_Extracted information_.
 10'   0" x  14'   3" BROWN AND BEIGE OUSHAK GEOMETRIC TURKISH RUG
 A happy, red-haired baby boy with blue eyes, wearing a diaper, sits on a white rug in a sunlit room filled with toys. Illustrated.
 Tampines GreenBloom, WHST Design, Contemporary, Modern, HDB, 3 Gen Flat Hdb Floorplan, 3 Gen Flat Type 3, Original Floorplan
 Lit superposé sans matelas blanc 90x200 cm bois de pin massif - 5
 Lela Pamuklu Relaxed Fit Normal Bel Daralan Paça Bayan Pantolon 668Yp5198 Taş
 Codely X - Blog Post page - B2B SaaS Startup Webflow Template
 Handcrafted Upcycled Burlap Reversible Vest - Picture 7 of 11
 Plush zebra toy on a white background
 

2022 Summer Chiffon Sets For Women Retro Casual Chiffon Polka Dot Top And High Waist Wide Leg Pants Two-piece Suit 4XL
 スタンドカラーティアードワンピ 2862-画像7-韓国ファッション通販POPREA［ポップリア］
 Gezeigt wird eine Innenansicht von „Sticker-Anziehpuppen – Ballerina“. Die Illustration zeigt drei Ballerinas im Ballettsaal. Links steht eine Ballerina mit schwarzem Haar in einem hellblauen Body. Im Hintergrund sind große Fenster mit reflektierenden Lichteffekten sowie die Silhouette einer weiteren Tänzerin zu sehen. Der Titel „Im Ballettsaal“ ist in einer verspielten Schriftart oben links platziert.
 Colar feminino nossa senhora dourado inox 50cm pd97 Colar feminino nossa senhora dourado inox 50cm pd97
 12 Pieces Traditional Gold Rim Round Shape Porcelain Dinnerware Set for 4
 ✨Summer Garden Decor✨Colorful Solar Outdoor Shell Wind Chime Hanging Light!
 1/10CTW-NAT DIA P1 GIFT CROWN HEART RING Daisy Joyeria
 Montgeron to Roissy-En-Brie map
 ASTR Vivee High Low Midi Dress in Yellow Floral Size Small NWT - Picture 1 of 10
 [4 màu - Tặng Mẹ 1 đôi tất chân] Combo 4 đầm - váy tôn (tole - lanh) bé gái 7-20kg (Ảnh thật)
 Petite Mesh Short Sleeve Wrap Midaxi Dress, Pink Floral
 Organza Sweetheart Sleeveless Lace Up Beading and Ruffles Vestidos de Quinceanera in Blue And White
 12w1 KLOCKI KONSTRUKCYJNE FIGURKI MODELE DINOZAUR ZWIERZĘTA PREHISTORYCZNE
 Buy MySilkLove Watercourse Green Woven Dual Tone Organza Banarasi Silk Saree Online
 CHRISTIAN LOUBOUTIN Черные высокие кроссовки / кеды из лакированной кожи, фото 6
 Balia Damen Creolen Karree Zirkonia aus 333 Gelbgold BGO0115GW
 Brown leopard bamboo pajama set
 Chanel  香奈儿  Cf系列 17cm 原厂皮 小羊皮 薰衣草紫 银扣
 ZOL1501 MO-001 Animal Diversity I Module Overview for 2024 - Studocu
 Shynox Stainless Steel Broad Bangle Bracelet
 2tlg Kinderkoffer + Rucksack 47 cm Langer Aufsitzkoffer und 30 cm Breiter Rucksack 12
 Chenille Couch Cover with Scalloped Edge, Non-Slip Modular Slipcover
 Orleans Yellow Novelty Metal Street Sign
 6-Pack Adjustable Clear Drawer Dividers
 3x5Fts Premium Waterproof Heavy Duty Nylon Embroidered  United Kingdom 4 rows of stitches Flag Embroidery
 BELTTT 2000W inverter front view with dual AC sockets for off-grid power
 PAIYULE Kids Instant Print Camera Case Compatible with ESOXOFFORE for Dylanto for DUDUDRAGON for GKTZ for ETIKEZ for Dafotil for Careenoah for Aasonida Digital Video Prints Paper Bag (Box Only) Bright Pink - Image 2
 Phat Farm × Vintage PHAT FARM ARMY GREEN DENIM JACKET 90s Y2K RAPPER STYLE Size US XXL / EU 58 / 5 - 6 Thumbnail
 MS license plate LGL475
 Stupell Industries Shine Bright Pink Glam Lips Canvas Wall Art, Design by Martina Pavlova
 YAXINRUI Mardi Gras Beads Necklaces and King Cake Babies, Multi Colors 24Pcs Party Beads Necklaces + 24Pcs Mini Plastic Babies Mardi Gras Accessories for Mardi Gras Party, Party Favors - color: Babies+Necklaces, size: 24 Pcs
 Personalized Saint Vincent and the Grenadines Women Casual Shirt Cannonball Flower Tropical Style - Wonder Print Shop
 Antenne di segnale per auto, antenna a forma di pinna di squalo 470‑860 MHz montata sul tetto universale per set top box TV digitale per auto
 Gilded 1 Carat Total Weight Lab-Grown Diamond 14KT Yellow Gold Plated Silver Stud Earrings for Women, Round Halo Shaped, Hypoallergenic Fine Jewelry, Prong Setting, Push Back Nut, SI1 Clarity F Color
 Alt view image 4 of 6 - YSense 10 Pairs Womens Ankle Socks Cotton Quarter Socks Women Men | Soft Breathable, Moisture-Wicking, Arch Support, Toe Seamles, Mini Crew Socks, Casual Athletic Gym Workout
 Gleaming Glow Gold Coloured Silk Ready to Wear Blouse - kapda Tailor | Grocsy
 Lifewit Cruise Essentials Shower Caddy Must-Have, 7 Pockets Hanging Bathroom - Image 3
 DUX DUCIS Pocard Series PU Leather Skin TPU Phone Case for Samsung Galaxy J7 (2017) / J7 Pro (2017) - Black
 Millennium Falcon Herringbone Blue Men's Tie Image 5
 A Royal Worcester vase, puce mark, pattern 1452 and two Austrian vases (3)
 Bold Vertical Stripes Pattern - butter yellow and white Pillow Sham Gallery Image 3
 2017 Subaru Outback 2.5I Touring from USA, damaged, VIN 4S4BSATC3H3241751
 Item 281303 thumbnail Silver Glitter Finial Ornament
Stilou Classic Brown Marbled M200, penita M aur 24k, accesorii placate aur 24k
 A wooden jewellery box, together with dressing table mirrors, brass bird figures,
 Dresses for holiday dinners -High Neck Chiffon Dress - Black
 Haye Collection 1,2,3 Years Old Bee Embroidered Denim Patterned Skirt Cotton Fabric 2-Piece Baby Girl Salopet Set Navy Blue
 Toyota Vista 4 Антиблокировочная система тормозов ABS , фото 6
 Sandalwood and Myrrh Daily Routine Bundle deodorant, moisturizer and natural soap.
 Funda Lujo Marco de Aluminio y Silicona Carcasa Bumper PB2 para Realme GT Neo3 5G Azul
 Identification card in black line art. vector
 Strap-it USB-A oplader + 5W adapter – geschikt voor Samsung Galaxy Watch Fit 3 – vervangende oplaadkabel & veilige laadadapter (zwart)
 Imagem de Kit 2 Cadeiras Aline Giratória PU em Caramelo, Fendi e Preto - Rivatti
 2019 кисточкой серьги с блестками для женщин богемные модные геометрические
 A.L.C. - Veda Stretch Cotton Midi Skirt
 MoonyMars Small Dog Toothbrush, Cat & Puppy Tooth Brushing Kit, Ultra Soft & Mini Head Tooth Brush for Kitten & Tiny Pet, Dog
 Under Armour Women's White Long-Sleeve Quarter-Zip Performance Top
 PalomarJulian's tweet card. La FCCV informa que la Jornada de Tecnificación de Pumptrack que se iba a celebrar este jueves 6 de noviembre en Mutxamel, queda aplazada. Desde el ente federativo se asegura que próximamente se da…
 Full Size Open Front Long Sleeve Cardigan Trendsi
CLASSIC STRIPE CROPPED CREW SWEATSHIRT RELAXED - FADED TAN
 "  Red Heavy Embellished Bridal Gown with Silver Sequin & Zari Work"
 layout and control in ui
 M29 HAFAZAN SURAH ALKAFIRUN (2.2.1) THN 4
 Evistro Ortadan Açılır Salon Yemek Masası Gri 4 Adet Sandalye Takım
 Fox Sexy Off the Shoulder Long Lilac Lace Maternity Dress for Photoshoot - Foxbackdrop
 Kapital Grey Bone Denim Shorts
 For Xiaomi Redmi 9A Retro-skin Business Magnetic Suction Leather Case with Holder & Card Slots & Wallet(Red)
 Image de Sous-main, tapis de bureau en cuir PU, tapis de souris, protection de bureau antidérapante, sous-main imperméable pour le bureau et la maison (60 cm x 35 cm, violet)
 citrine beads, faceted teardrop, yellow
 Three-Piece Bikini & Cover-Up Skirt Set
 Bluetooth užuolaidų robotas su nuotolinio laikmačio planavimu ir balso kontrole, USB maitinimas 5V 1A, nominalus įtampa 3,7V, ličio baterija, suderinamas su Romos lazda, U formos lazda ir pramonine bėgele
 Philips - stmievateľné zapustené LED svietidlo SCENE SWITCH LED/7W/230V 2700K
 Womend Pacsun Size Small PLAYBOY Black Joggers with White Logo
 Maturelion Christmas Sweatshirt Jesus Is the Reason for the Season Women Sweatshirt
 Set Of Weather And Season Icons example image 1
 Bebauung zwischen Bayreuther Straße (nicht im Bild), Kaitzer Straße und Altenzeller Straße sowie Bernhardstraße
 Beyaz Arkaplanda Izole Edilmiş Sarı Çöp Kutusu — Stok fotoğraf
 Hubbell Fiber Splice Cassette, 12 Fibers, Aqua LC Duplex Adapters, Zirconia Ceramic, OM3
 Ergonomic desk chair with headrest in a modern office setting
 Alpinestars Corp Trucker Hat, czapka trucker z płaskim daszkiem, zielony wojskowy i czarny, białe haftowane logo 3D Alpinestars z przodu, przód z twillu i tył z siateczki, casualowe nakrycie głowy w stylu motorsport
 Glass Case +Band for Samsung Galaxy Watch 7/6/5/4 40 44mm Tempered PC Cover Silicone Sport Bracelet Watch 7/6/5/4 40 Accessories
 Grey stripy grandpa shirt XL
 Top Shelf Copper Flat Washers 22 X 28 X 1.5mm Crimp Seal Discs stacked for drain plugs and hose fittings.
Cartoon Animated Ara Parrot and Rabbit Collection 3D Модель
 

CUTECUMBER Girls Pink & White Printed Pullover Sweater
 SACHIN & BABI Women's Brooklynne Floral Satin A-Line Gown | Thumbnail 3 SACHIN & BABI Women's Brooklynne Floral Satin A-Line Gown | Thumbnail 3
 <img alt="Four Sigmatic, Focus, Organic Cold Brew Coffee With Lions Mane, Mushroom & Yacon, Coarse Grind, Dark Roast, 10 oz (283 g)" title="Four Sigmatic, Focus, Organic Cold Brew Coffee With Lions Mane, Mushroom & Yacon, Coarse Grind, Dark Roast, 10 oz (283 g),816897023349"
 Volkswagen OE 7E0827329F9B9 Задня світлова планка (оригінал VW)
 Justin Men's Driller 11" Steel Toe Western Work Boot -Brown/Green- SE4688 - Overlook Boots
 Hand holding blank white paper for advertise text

_Problem_. Retrieve each line of the data in which the word "Silver" can be found.

_Expected output_.
 Gilded 1 Carat Total Weight Lab-Grown Diamond 14KT Yellow Gold Plated Silver Stud Earrings for Women, Round Halo Shaped, Hypoallergenic Fine Jewelry, Prong Setting, Push Back Nut, SI1 Clarity F Color
 Item 281303 thumbnail Silver Glitter Finial Ornament
 "  Red Heavy Embellished Bridal Gown with Silver Sequin & Zari Work"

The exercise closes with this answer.